Governo Monti, intesa con Pd e Pdl su giustizia e lavoro

Trovato l'accordo su articolo 18, intercettazioni e responsabilità civile dei giudici. Ancora stallo invece sul rinnovo dei vertici Rai.

di Giulio Ragni 16 marzo 2012 10:53

Si è tenuto finalmente ieri il tanto atteso vertice di maggioranza, dopo che la scorsa settimana era saltato per il polemico diniego del segretario Pdl Angelino Alfano, e l’esito della lunga riunione a quattro tra il premier Mario Monti, il già citato Alfano, il segretario del Pd Pierluigi Bersani e il leader dell’Udc Pierferdinando Casini, sembra aver dato alcuni frutti. È stata infatti annunciata un intesa su alcuni dei punti nodali del programma di governo, ovvero il lavoro e la giustizia, mentre ancora molto lontane appaiono le posizioni dei partiti principali che sostengono l’esecutivo sul rinnovo dei vertici Rai.
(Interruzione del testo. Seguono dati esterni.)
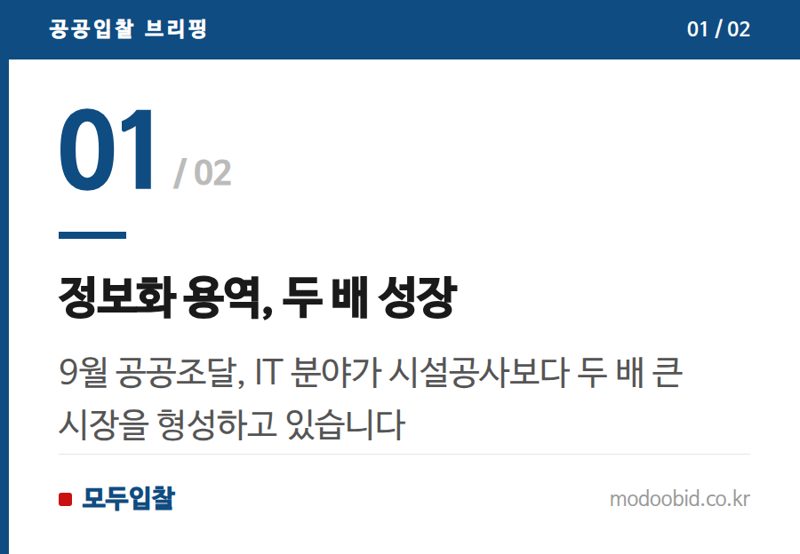 정보화 용역, 두 배 성장 — 조달청 9월 대형사업 평가 동향: 정보화와 시설공사, 중소기업 기회는 어디에?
Il futuro di viale Mazzini vede ancora ferme sulle proprie posizioni il Pdl, che vorrebbe procedere alle nomine in base all’attuale legge Gasparri, e il Pd che invece chiede un cambiamento della legge che regolamenta la governance della televisione pubblica. Nonostante la fase di stallo sulla Rai, il Presidente del Consiglio Mario Monti non ha nascosto la propria soddisfazione per i passi avanti compiuti sugli altri punti in agenda.

Capitolo giustizia. Era una delle questioni più delicate sul piatto, ma il premier è riuscito a trovare un punto di mediazione sia sul ddl anti-corruzione, che avrà un emendamento sulle norme relative alla corruzione tra privati e alla revisione della pena sulla corruzione, sia su una nuova legge sulle intercettazioni, rispolverata per venire incontro alle richieste del Pdl. Il ministro della Giustizia Paola Severino ha poi proposto di correggere con un emendamento la questione della responsabilità civile dei magistrati, per arrivare ad “una soluzione più equilibrata” e a maggior tutela dei magistrati, dopo la bocciatura de Csm di pochi giorni fa.

Il vero terreno di scontro tra i partiti rischiava però di essere il tema del lavoro, e in particolare la questione legata all’articolo 18. Il governo propone una riforma sul modello tedesco, con una revisione delle norme che regolano il licenziamento dei lavoratori, distinguendo tra quello per ragioni discriminatorie da quello per ragioni disciplinari e quello causato da ragioni esclusivamente economiche. Promessa anche un’accelerazione sui tempi delle cause di lavoro. Il premier Monti, sottolineando “la necessità di una riforma ad ampio raggio dei diversi aspetti del mercato del lavoro“, sembra aver convinto i leader dei tre partiti che sorreggono il governo. Non resta ora che attendere il delicato incontro con le parti sociali, e sperare nel via libero definitivo alla riforma.